Start of Given information

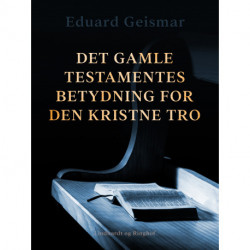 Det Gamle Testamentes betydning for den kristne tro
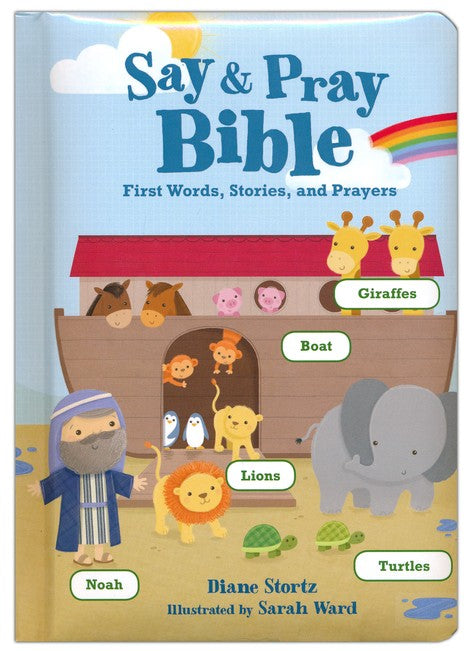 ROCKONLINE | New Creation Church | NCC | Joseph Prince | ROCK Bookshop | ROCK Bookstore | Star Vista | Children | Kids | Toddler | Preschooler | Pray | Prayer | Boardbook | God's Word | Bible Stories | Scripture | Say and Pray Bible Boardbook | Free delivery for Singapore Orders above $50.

End of Given information
Start of Given information

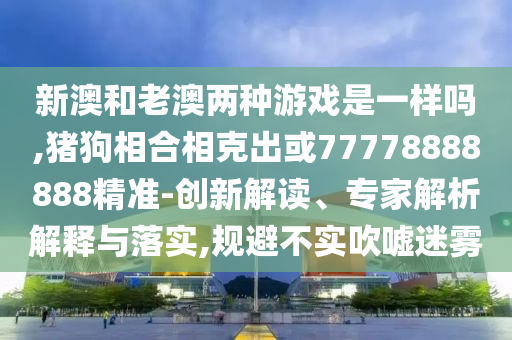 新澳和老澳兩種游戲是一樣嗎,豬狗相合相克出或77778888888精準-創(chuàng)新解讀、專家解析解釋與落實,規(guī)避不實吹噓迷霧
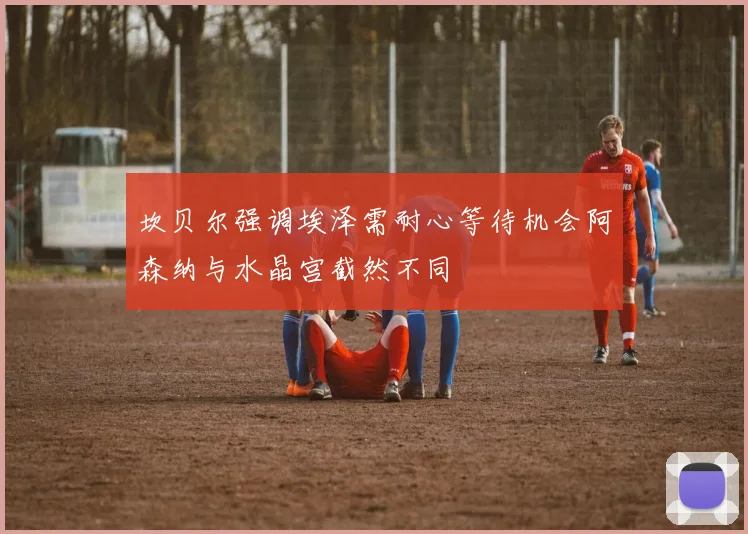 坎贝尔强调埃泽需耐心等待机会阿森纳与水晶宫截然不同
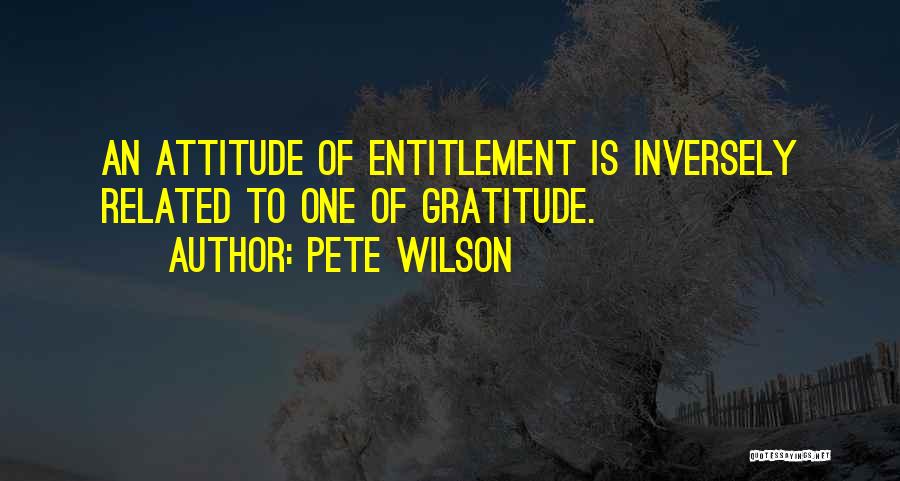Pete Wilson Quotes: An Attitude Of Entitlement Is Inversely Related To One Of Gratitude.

End of Given information

# Your assignment:
Using the data above, print only the lines starting at the one with "新澳和老澳兩種游戲是一樣嗎,豬狗相合相克" and ending at the one with "Pete Wilson Quotes: An", exactly as they stand, minus the pictures.

# Result for this exercise:
 新澳和老澳兩種游戲是一樣嗎,豬狗相合相克出或77778888888精準-創(chuàng)新解讀、專家解析解釋與落實,規(guī)避不實吹噓迷霧
 坎贝尔强调埃泽需耐心等待机会阿森纳与水晶宫截然不同
Pete Wilson Quotes: An Attitude Of Entitlement Is Inversely Related To One Of Gratitude.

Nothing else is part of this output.